Frank D. McConnell, Cinema and the Romantic Imagination
...we are determined to separate ( circumcise?) eroticism from pornography or, instead, to define them, to enclose them in stagnant and uncontaminated compartments (sex for smokers, eroticism for non-smokers... or vice versa?). Is it really worth it?
Ramón Freixas y Joan Bassa, Sex in cinema and the cinema of sex
Mumblecore, melodrama, new Argentine, Brazilian, Iranian or German cinema, and the nouvelle vague and Italian neorealism, dada, drama and dogma, that of ' 95, comedy and horror, and class B and suspense and thriller, noir or English detective stories, and those recommended for you, and because you have seen such and such, and the most seen today in Greenland, and art cinema, or experimental, or video dance, and video essay and video minute, which yes, in that case is more concrete, it lasts a minute, but why, this apparent, cultural, frantic need to say novel, or nouvelle, or essay, or self-help, figurative and abstract, why, if not because Blockbuster has to arrange its shelves?

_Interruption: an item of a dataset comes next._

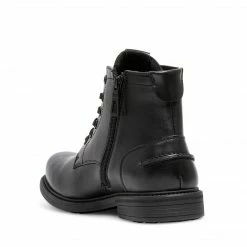 SteveMadden SID BLACK LEATHER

To know if it's going to be good.
From the creators themselves, from the critics, from the distribution and commercialization platforms, from (and towards) the user's need to know, a priori, what kind of experience they are about to encounter, the uncontainable propulsion to labelling is deployed (or expressed).
—The jelly will be a horror one.
And this knowledge reassures us.
Experiences (the aesthetic ones, the other ones) come to us packaged in what we call genres and sub-genres. The classifying label tells us what to expect, prepares us to laugh or to cry —or to laugh AND cry. Or to laugh and fear, or for that kind of excitement that pornography is supposed to produce, which, let's face it, we don't quite know what it is.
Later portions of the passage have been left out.